#### TASK:
Print, from the listing below, the lines starting at the line containing "24K éjszakai lifting" and ending at the line containing "Taburete HORUS NEW, metal, tapizado", exactly as they stand, and print nothing else.

══ EXTRACTED ENTRIES

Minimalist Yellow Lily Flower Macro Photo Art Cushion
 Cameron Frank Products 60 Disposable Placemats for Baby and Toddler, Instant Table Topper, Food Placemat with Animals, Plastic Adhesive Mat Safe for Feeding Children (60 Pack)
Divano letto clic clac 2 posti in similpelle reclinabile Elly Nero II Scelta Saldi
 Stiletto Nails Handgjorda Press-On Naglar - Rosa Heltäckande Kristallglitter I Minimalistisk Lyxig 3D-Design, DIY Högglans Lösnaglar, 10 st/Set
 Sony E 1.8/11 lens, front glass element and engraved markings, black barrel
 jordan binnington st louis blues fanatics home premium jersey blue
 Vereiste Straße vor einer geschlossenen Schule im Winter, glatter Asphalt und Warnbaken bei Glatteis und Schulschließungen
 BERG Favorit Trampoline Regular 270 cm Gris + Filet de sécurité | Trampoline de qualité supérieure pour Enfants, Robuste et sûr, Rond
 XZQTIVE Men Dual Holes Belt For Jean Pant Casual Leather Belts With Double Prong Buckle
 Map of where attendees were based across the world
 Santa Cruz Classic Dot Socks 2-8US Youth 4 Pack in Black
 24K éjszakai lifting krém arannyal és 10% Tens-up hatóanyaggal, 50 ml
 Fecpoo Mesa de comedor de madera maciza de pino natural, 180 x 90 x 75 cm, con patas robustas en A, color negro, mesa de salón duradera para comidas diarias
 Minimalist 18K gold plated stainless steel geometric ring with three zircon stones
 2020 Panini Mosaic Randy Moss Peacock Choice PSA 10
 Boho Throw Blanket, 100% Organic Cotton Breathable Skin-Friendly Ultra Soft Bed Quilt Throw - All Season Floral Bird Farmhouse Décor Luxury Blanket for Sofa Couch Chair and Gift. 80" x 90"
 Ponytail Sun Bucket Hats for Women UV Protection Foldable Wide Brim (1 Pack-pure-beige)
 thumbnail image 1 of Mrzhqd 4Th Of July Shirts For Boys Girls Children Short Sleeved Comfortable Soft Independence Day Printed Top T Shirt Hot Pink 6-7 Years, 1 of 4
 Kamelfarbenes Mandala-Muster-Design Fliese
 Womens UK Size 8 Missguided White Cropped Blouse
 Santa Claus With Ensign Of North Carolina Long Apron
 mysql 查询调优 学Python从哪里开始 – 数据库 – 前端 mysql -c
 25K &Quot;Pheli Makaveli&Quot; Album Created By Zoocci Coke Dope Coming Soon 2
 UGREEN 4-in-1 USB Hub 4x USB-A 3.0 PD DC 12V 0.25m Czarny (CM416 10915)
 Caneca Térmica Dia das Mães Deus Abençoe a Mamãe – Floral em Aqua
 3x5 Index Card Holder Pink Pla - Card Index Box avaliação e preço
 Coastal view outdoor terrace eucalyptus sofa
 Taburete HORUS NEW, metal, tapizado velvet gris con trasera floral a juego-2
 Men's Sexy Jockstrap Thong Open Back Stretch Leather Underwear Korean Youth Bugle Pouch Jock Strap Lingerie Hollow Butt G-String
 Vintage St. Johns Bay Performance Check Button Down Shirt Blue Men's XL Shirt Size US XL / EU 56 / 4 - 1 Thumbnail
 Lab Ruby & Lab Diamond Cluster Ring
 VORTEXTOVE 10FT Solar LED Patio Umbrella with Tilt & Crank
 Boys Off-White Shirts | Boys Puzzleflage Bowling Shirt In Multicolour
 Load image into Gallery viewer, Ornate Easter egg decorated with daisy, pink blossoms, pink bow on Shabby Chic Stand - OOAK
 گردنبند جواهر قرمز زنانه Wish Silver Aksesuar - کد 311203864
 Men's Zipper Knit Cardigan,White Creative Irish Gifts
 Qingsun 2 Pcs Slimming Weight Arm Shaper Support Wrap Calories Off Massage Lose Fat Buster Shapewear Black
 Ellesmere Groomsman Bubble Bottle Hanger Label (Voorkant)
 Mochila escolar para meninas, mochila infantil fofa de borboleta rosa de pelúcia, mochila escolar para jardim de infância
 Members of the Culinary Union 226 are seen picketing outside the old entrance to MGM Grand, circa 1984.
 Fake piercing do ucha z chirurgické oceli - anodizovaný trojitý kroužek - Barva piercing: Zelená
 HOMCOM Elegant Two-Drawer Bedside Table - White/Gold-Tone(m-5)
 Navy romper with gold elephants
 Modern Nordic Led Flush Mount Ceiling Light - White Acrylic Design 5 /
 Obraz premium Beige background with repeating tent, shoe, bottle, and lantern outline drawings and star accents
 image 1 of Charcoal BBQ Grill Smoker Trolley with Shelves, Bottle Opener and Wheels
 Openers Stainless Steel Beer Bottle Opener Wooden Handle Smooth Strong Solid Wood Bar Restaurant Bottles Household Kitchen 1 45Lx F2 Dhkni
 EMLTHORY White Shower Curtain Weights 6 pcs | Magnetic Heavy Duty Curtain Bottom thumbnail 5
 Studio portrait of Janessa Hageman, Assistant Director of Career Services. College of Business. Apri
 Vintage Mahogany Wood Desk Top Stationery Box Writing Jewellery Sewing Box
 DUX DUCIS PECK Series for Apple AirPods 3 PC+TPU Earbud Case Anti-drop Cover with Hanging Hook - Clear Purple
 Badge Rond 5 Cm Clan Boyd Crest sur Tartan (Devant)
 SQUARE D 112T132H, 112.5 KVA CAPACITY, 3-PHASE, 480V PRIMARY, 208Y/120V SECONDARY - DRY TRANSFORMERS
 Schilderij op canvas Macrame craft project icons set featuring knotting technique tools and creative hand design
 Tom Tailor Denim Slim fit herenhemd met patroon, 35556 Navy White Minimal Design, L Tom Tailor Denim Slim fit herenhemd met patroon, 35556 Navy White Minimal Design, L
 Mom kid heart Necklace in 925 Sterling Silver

════

#### WRITTEN ANSWER:
 24K éjszakai lifting krém arannyal és 10% Tens-up hatóanyaggal, 50 ml
 Fecpoo Mesa de comedor de madera maciza de pino natural, 180 x 90 x 75 cm, con patas robustas en A, color negro, mesa de salón duradera para comidas diarias
 Minimalist 18K gold plated stainless steel geometric ring with three zircon stones
 2020 Panini Mosaic Randy Moss Peacock Choice PSA 10
 Boho Throw Blanket, 100% Organic Cotton Breathable Skin-Friendly Ultra Soft Bed Quilt Throw - All Season Floral Bird Farmhouse Décor Luxury Blanket for Sofa Couch Chair and Gift. 80" x 90"
 Ponytail Sun Bucket Hats for Women UV Protection Foldable Wide Brim (1 Pack-pure-beige)
 thumbnail image 1 of Mrzhqd 4Th Of July Shirts For Boys Girls Children Short Sleeved Comfortable Soft Independence Day Printed Top T Shirt Hot Pink 6-7 Years, 1 of 4
 Kamelfarbenes Mandala-Muster-Design Fliese
 Womens UK Size 8 Missguided White Cropped Blouse
 Santa Claus With Ensign Of North Carolina Long Apron
 mysql 查询调优 学Python从哪里开始 – 数据库 – 前端 mysql -c
 25K &Quot;Pheli Makaveli&Quot; Album Created By Zoocci Coke Dope Coming Soon 2
 UGREEN 4-in-1 USB Hub 4x USB-A 3.0 PD DC 12V 0.25m Czarny (CM416 10915)
 Caneca Térmica Dia das Mães Deus Abençoe a Mamãe – Floral em Aqua
 3x5 Index Card Holder Pink Pla - Card Index Box avaliação e preço
 Coastal view outdoor terrace eucalyptus sofa
 Taburete HORUS NEW, metal, tapizado velvet gris con trasera floral a juego-2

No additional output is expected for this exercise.